眼下看太子府跟萧臣必然是联手才会出现这种局面,而他们联手的纽带很有可能就是天杼图,若叫他们得天杼图,于尊守义则十分不利。
而他们势必保住苏玄璟的原因很有可能是苏玄璟并没将此图交出来。
苏玄璟死了也好啊!
“战军师,魏王殿下,你们……对皇上逼迫太甚啊!”李世安以年迈之躯,弯下身子做凄苦状,这般渲染,更叫周帝颜面无存。
战幕一双冷目落到李世安身上,“李公公慎言!当年先帝放你一马是给你洗心革面的机会,你该珍惜!”
旧事重提,李世安顿时觉得老脸臊得慌,那种感觉就像是被人扒光衣服扔到大街上一般,“皇上……”
“够了!”周帝猛拍桌案,“朕不管什么北越细作,也不想听你们所谓的证据,朕只知道齐儿是因为苏玄璟袍子上的七星海棠才中毒,铁证如山!”
就在这时,外面又一阵急促脚步声,周帝再也承受不住心底那激荡起来的愤怒,“都给朕滚出去,谁也不许求情!”
然而此刻,侍卫已经冲进铁门跪在周帝面前。
刑讯室内气氛已经不知道多少次降至冰点,苏玄璟的脑袋也不知道有多少次险些搬了家。
鹤柄轩无声跪在那里,他知道,已经到了最后关头。
用不了多久,苏玄璟的脑袋一定会掉下来……
另一处,卫开元跟踪乙不知去了哪里,温宛在鸿寿寺外焦急等待。
落雪纷扬,宋相言赶过来时正见温宛站在雪中张望,一张脸冻的像挂在树上的红柿子,细嫩通红,一戳就破似的。
白雪覆在她有些凌乱的青丝上,如戴着一朵朵洁白绒花,美的像是从画里走出来的仙子。
一眼万年,几度轮回亦念念不忘。
马车停在角落,宋相言从车上跳下来,加快脚步走向温宛时,随手解开系在身上的黑色披风。

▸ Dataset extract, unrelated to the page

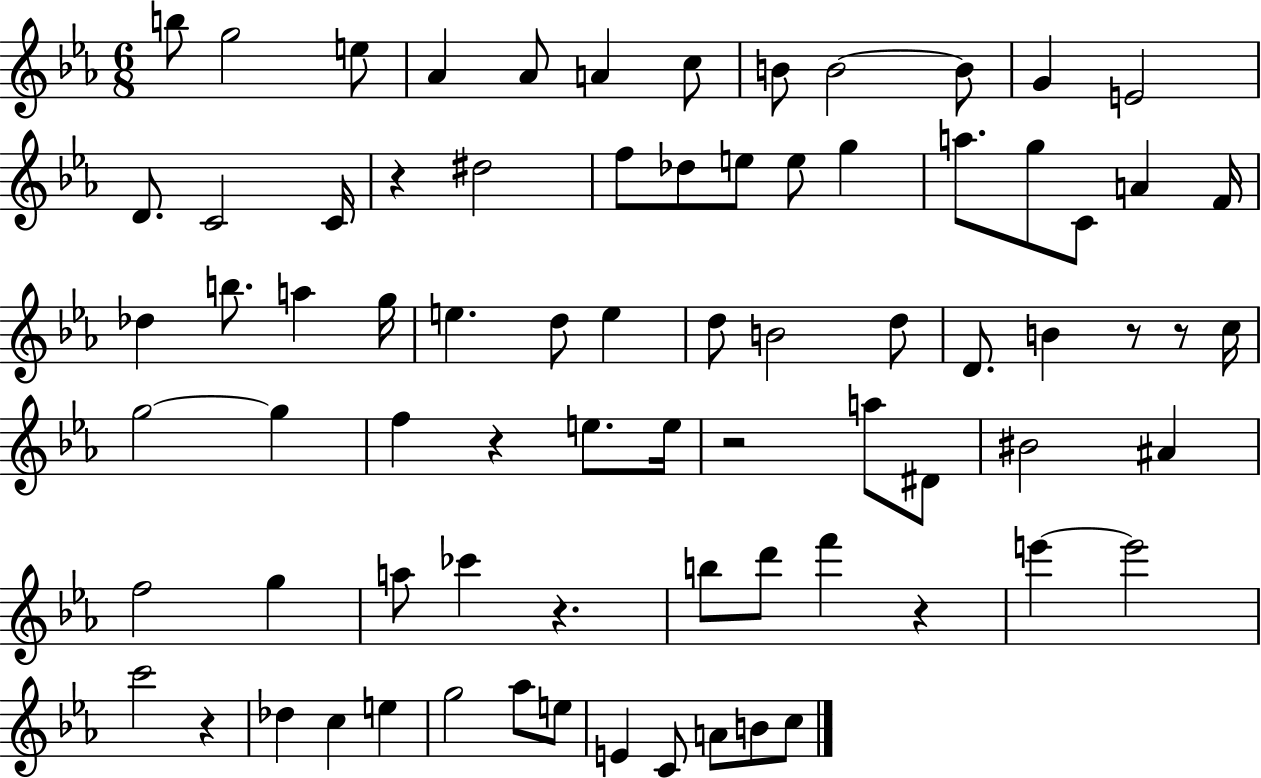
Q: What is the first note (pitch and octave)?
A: B5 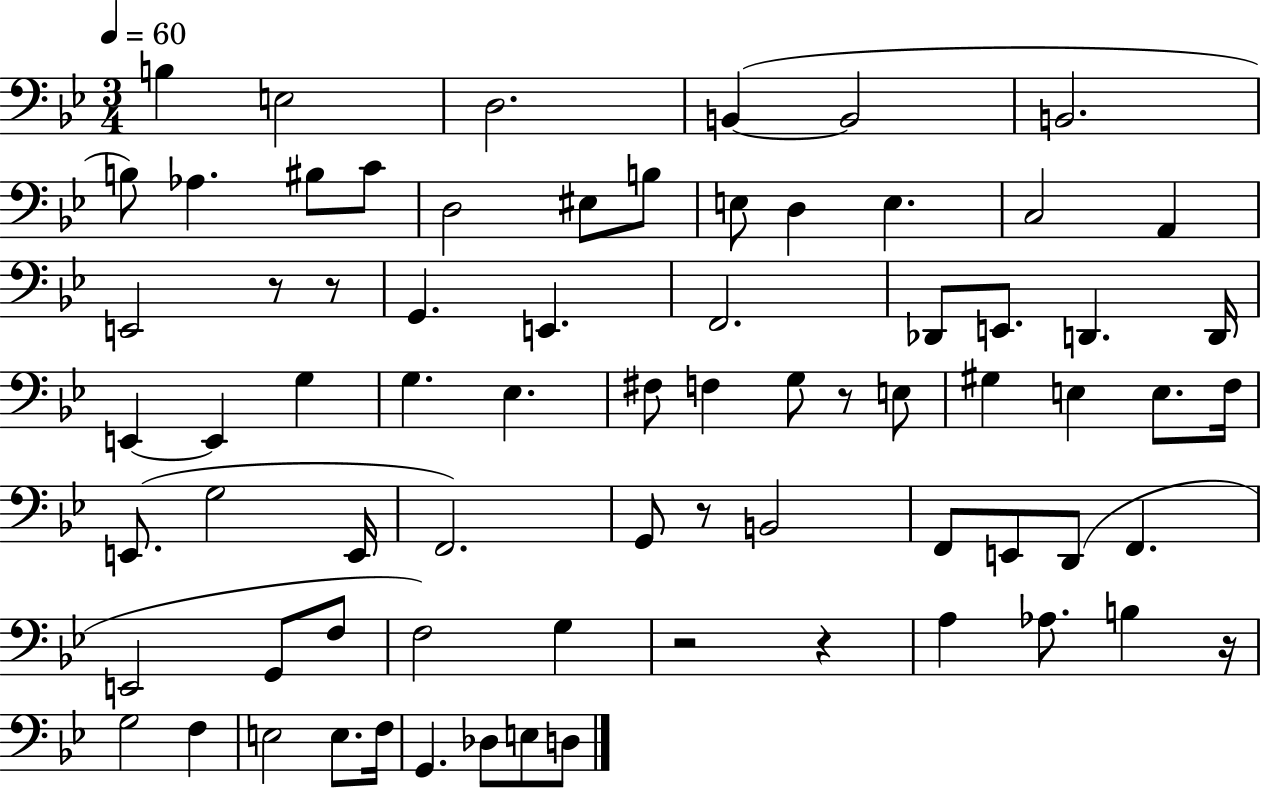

温宛听到车轮碾压的声音回头,见是宋相言直奔过来,“苏玄璟死了没有?”
“没死。”
宋相言第一时间将披风覆在温宛肩头,替她系紧系带。
他靠近,双手穿过温宛鬓角青丝,替她将毡帽叩起来,“可也快了。”
“什么意思?”温宛的确冷的厉害,自然而然拽着袍子把自己裹紧。
宋相言侧身将她环在臂弯里,“车里说!”
“你怎么没在车里等?”宋相言看到温宛冻的每个汗毛都似结冰的样子,无比心疼道。
温宛就很诚实,“我哪里来的马车,狗都跑了。”
原本温宛在狗窝里没出来,只是狗窝里太冷,她怕狗因为蒙汗药的缘故再给冻死了,于是给狗喂了解药,然后……
狗就跑了。
她一个人守在狗窝里愈发冷,这才跑出来跺脚。
宋相言将温宛扶上马车,自己跟在后面,“你怎么敢!我要是狗能咬你信不信?”
温宛先行走进车厢,将将坐下来便见宋相言坐到她身边,二话没说把她双手抽过去,捂在手掌心里,轻轻呼气。
“小……小王爷……”热气拂过,温宛忽觉异样。
“你可别不好意思,也别想歪了,更别想着抽回去!你这手再不暖过来会生冻疮!”宋相言硬生把温宛想要往回缩的手拽回去,“你跟我有什么不好意思的!怕我喜欢上你不成!”
温宛,“……天牢那边什么情况?”
宋相言边替温宛暖手,边将天牢里发生的事如实相告。
温宛越听越心惊,“皇上连战军师的面子都不给吗?”
“何止不给,战军师跪下的时候皇上看都没看一眼。”宋相言轻轻揉搓温宛手背,不时呵气,眼睛落在被他捧在掌心的柔荑上,极尽温柔。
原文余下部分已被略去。